5. ELECTIONS—Act of March 6, 1894—Secret Ballot-Special Constables.—A vote by ballot ex vi termini implies a secret ballot. The secrecy of the ballot is a right which inheres in the voter and of which he cannot be lawfully deprived against his will. But the right to vote is the main object to be attained, and it must not be defeated by too rigid an observance of the incidental right of secrecy. A blind man, or a man unable to read, must, in the nature of things, so far compromise the secrecy of his ballot as to invoke and obtain the aid of others in the preparation of his ballot. This aid the law requires the special constable to render, and this confidence the voter is required to repose in him. But these requirements do not violate the secrecy of ballot guaranteed to the

voter.

6. ELECTIONS Act of March 6, 1894-Booths-Voting Precincts-Limit of Time to Prepare Ballots.—The act places no limit on the number of booths that may be supplied, and the county courts have full power to multiply the voting precincts to meet the necessities of the people.
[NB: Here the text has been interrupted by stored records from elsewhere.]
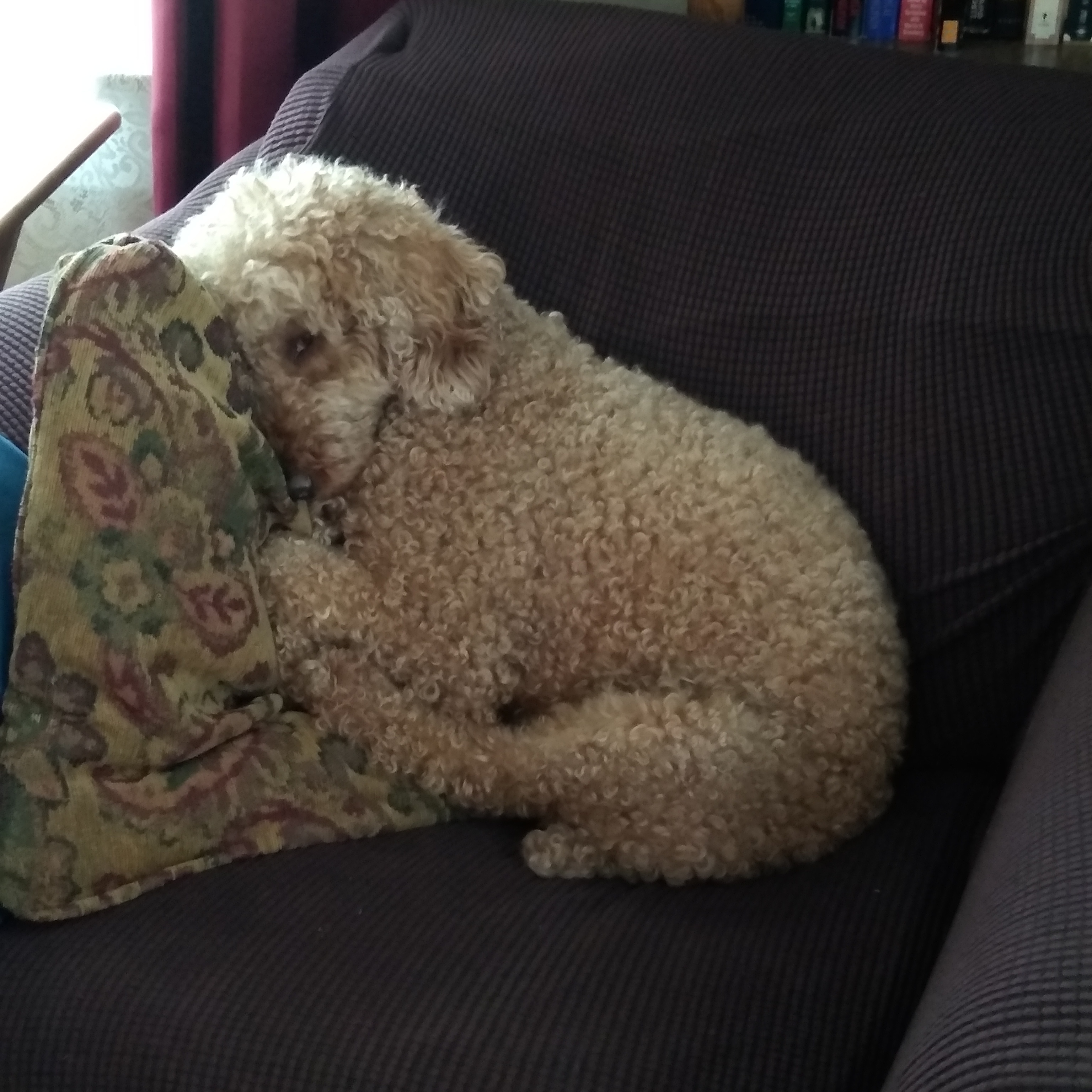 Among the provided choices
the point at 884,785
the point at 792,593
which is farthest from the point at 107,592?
the point at 884,785

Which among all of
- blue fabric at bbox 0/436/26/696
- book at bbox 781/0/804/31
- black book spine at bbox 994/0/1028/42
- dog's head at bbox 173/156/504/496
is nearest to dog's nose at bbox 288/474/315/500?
dog's head at bbox 173/156/504/496

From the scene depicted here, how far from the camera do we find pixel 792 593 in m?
1.26

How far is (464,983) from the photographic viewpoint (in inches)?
40.7

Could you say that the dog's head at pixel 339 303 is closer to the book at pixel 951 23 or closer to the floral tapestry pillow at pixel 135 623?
the floral tapestry pillow at pixel 135 623

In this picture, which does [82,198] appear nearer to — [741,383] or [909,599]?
[741,383]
A limit to the time for the preparation of ballots was an obvious necessity for which the legislature had a right to provide, and the court cannot, as a proposition of law, decide that the time allowed by the statute is inadequate. 7. CONSTITUTIONAL LAW-Act Valid in Part and Void in Part.-An act may be constitutional in one part and unconstitutional in another; but if the unconstitutional parts are unnecessary to the main purpose of the act, and are separable from it, so that they may be suppressed and yet leave the residue of the act in full force and vigor, this will be done, and the unobjectionable parts of the act will be upheld and enforced. If the provision of the act of March 6, 1894, which authorizes special constables to make arrests on the verbal order or warrant of the judges of election be unconstitutional (a question not decided), the unconstitutionality of that provision would not invalidate the other provisions of the act not in conflict with the Constitution.
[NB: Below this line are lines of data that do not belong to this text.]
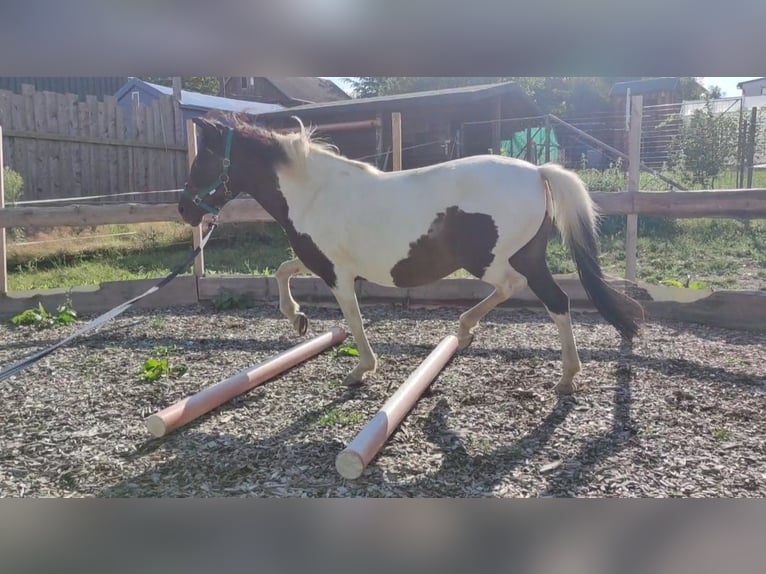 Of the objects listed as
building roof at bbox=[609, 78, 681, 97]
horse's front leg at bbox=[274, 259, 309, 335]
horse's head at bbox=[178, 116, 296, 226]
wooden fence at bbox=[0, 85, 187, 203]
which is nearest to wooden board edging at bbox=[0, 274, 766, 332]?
building roof at bbox=[609, 78, 681, 97]

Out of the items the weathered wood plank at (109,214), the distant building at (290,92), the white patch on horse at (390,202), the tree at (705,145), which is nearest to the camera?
the white patch on horse at (390,202)

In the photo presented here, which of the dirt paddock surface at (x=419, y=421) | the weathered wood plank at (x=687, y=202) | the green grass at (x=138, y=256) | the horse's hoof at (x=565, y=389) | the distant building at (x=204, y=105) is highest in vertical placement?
the distant building at (x=204, y=105)

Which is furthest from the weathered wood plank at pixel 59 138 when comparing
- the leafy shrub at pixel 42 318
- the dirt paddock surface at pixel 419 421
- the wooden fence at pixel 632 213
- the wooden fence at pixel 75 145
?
the dirt paddock surface at pixel 419 421

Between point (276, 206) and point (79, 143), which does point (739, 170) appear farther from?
point (79, 143)

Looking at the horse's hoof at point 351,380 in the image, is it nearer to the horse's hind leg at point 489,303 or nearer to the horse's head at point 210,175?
the horse's hind leg at point 489,303

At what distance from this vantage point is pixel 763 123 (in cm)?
Result: 959

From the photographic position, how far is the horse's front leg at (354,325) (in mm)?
4109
8. CONSTITUTIONAL LAW-Act of March 6, 1894-Not in Conflict with Certain Sections of Constitution of Virginia, nor with Amendment XIV to Constitution of the United States.-The act of assembly, approved March 6, 1894,

Statement.

entitled "an act to provide for the method of voting by ballot,” is a valid act. It is not in conflict with Article III, sections 1 and 2 of the Constitution of Virginia, nor with Article I, section 20, nor with Article I, section 8, of said Constitution. Nor is it in conflict with Article XIV of the Amendments to the Constitution of the United States.

9. CHANCERY JURISDICTION-Adequate Remedy at Law--Claims Against County.-A plain and adequate remedy is provided by section 836 of the Code, for relief against the improper allowance by the board of supervisors of a county, of a claim which for any reasons ought not to be allowed. And a bill in equity will not be entertained to enjoin the payment of any such claim.

Petition for an appeal from a decree of the Circuit Court of Brunswick county, in a suit in chancery, wherein the petitioners were the complainants and the Board of Supervisors of Brunswick county and others were the defendants.

Appeal refused.

The object of this suit is to test the validity of an act of the General Assembly, approved March 6, 1894, entitled, “An act to provide for the method of voting by ballot." The sections of the act which were drawn in question are 3, 4, 9, 10, 11, 12, 13, and 15, and are in the following words:

"3. The ballot shall be a white paper ticket, containing the names of the persons who have complied with the provisions of this act as hereinafter provided, and the title of the office printed or written as hereinafter provided. None other shall be a legal ballot.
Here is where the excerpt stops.